LE CORPS ET LE FOUET (1963)

Christopher Lee incarne un homme violent et malsain qui semble revenu d’entre les morts après son assassinat…

LA FRUSTA E IL CORPO

 

1963 – ITALIE / FRANCE

 

Réalisé par Mario Bava

 

Avec Daliah Lavi, Christopher Lee, Tony Kendall, Ida Galli, Harriet Medin, Gustavo de Nardo, Luciano Pigozzi

 

THEMA FANTÔMES

Pendant les années soixante, Christopher Lee enchaîne les films d’épouvante italiens avec une boulimie qu’explique probablement sa longue traversée du désert en début de carrière. Désormais très sollicité, il ne refuse quasiment aucune proposition et provoque des frissons sur tous les plateaux transalpins qui le réclament. En 1963, Lee retrouve ainsi le réalisateur Mario Bava. Ce dernier avait déjà dirigé le coméfdien britannique dans Hercule contre les vampires, mais il n’avait exploité que sa présence physique en lui confiant le rôle du félon Lico.

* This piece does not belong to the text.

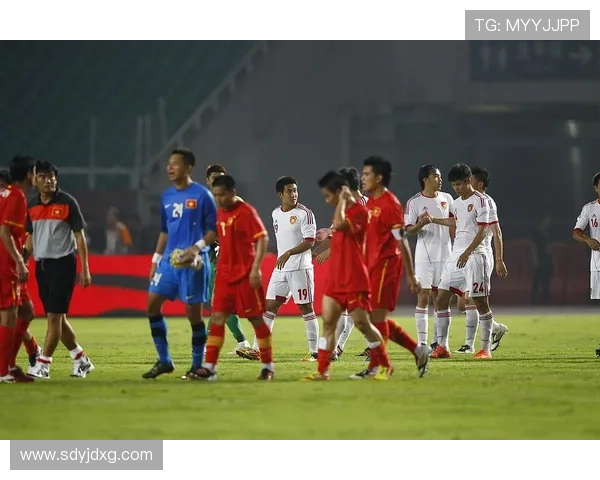 孟加拉女足迎战中国强敌之战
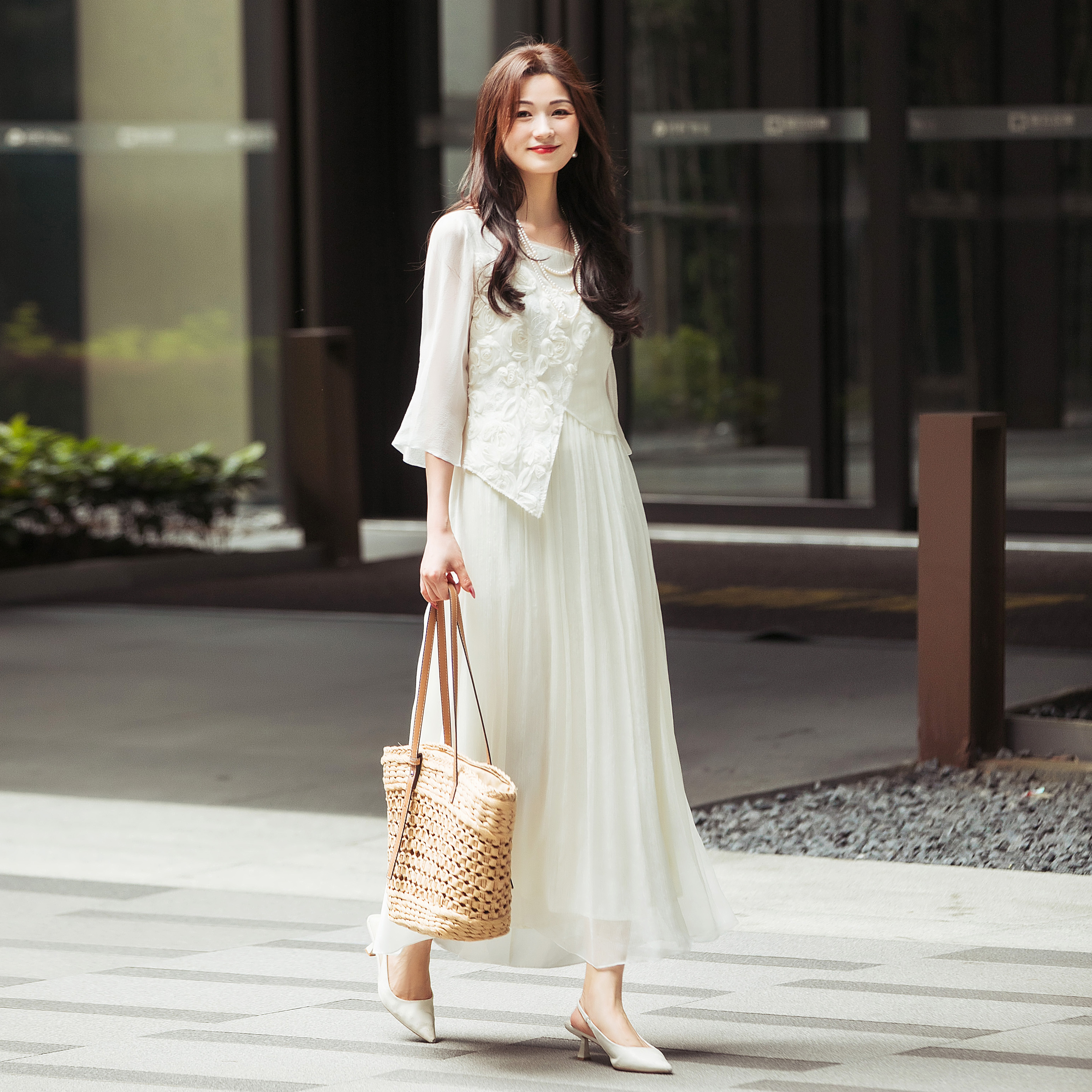 生活在左2025年夏桑蚕丝白玫瑰拼真丝连衣裙传统修身长裙N1952509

Le cinéaste italien comprit rapidement que le registre de Lee était beaucoup plus riche, ce qu’il prouva dans Le Corps et le fouet. Lee y trouve l’un de ses rôles les plus troublants, celui du cruel Kurt Menliff, de retour au château familial en plein 19ème siècle. Lorsque la nouvelle épouse de son frère repousse ses avances, il la suit jusque sur la plage et la fouette jusqu’à ce qu’elle perde connaissance. Plus tard, Kurt est retrouvé éventré par un poignard, mort comme la fille de la servante qui se suicida jadis de chagrin à cause de lui. D’autres meurtres s’ensuivent, et la famille finit par se persuader que le mauvais fils est sorti du tombeau…

Le Corps et le fouet est probablement l’un des films les plus somptueux et les plus équivoques de Mario Bava. Si le rythme se fait parfois languissant, surtout dans sa dernière partie, la poésie et la beauté, en revanche, ne défaillent jamais et nimbent en permanence le film d’une aura toute particulière, à travers ses décors magnifiques (en particulier cet impressionnant château médiéval surplombant la plage), sa photographie extrêmement soignée et sa partition musicale très envoûtante, conçue surtout à partir de variantes sur une sonate pour piano. Christopher Lee forme avec la toute belle Daliah Lavi un couple maudit mémorable, dont les relations pour le moins morbides et ambiguës oscillent constamment entre la haine et l’amour, le plaisir et la douleur. A ce titre, la scène de la plage, qui donne au titre tout son sens, s’avère des plus perturbantes.

Les amants maudits

De nombreuses facéties visuelles (apparitions et disparitions de Kurt derrière une fenêtre, main crispée s’approchant de l’héroïne terrorisée, bottes souillées de tourbe égrainant le sol d’empreintes boueuses) évoquent le diptyque L’Effroyable secret du professeur Hichcock et Le Spectre du professeur Hichcock, réalisé pendant la même période par Riccardo Freda. Le dénouement du film de Bava, en forme de coup de théâtre et de révélation finale, clôt Le Corps et le fouet en beauté, alors que les flammes envahissent peu à peu le tombeau de Kurt, fils renié, frère maudit et amant fatal. Christopher Lee joua son rôle en italien mais n’était pas disponible pour se doubler lorsque fut réalisée la version anglaise du film. C’est donc Dan Sturkie qui lui prête sa voix, d’où le trouble que peivent ressentir les spectateurs anglophones habitués au timbre si spécifique de Lee. Pour l’anecdote, la plupart des membres de l’équipe du film furent sommés d’utiliser un pseudonyme pour faire croire que Le Corps et le fouet était une production anglo-saxonne. C’est ainsi que Mario Bava devint John Old, un pseudonyme qu’il réutilisa souvent par la suite.